I'm rather atypical for a male. Reading the instructions is something I do as a first resort, not the last resort. I'll cheerfully leap into a job and work out how to do it as I go, but if there are instructions, I'll read them, and despite my ancestry, I'll generally make the effort to use the correct tools.
In the case of Silas vs. the Alloy Wheels, that meant a torque wrench for setting the wheel nuts correctly. The spider I keep with the spare is excellent for taking off the nuts, since it's got rather more leverage than the included two-part wrench, but since today I was performing a long-term swap from the steel wheels the previous owners had on the car to alloys, I wanted a better metric for how to set the torque than simply noting how much I had to grunt to break the nuts free.
This is rendered important by the spec for this car. Most cars specify wheel nut torque in the region of 85-100 foot pounds, while applying that much torque to the nuts on this car would be Bad. It's specced at 85Nm, which translates to roughly 65 foot pounds. This little detail is stamped into the front hubs, visible while torquing the nuts, and so one would hope that even places which don't know this already would notice. Sadly, when I removed the front wheels, I found that they'd been set to typical torque specs - the 85-100 foot pounds that flirts with stripping the studs on this car.

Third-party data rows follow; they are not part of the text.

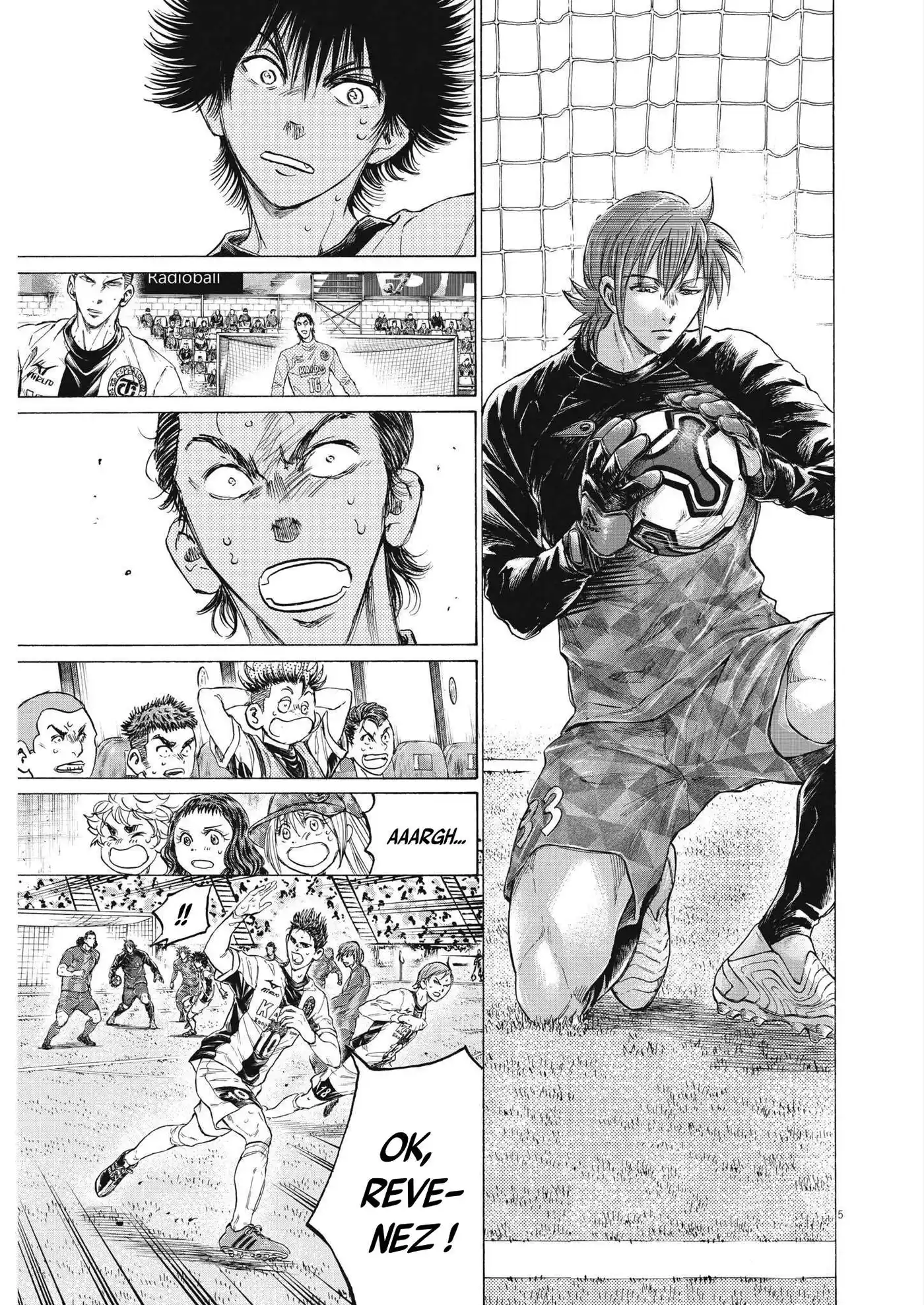 Ao Ashi 358 page 5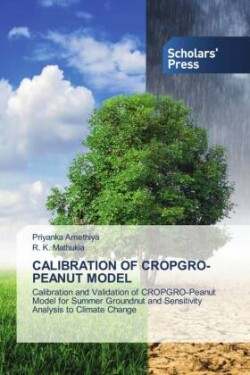 Calibration of Cropgro-Peanut Model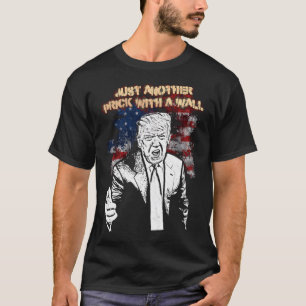 Camiseta Donald Trump K Floyd Mash-Up Design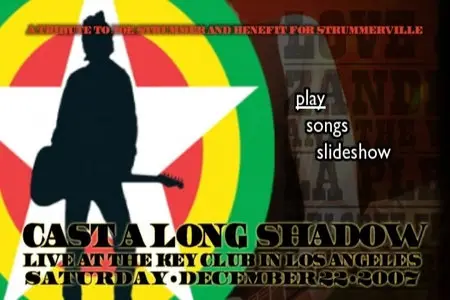 Joe Strummer - Tribute Concert: Cast a Long Shadow (2011)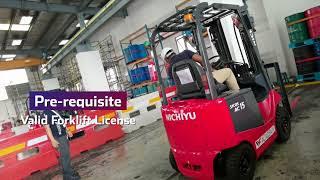 Forklift Refresher Course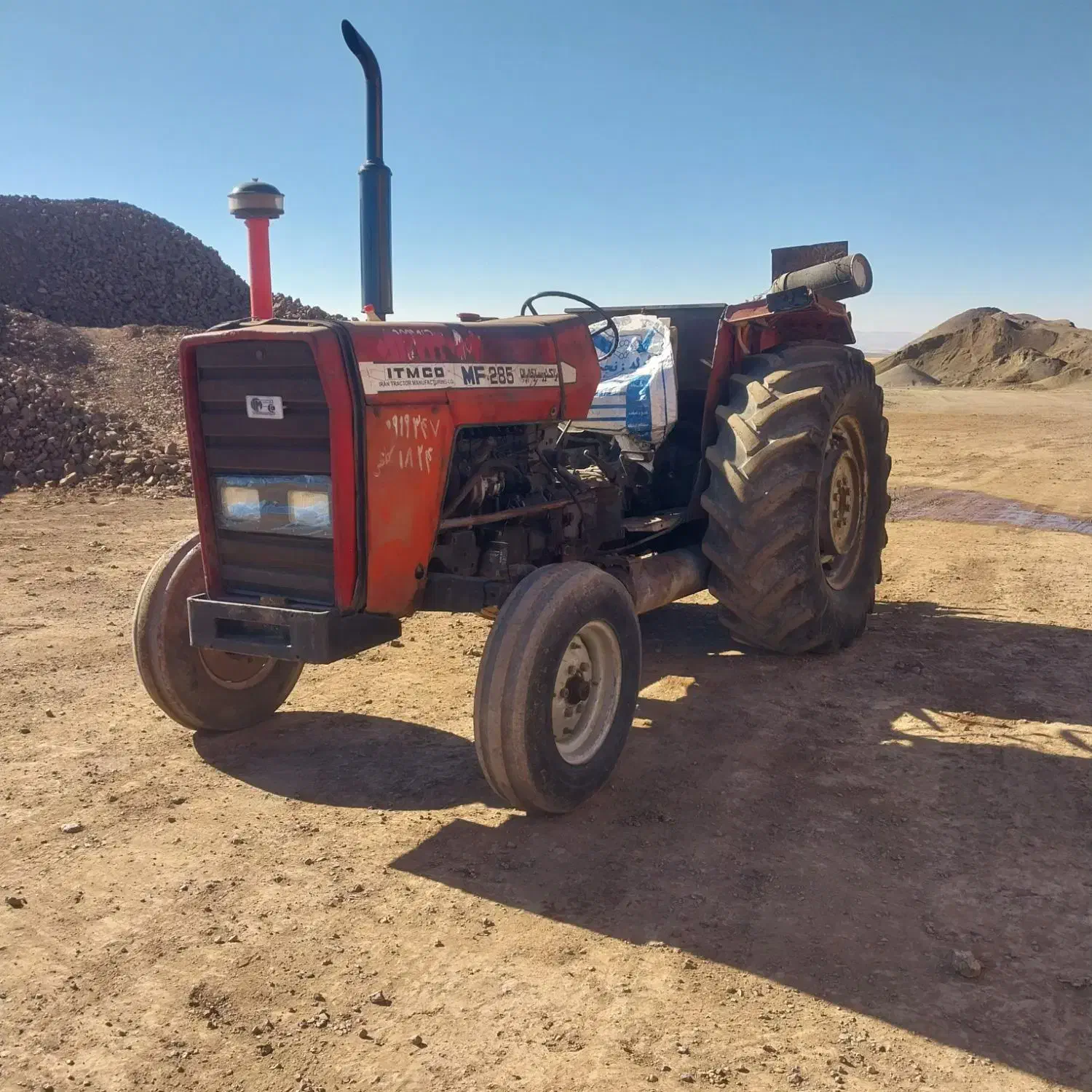 تراکتورکمپرسور285مدل64|خودرو سنگین|زنجان, |دیوار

Still, I now have Volvo alloy wheels fitted, and they do look nice. Quite an improvement in looks over the steel wheels it did have, especially considering it was using the original, much-abused hubcaps. The alloys are also lighter, which will translate to improved ride and handling due to the lower unsprung weight. This may also improve fuel economy, although this will probably not be significant. And finally, I'm feeling a nice sense of satisfaction in having achieved the swap without help (and, usefully, without a peanut gallery) and not broken a single thing, or found anything bojangled. The latter part is somewhat rare; it can be unwelcome to begin a repair, as one will almost always uncover another problem in the course of reaching the first...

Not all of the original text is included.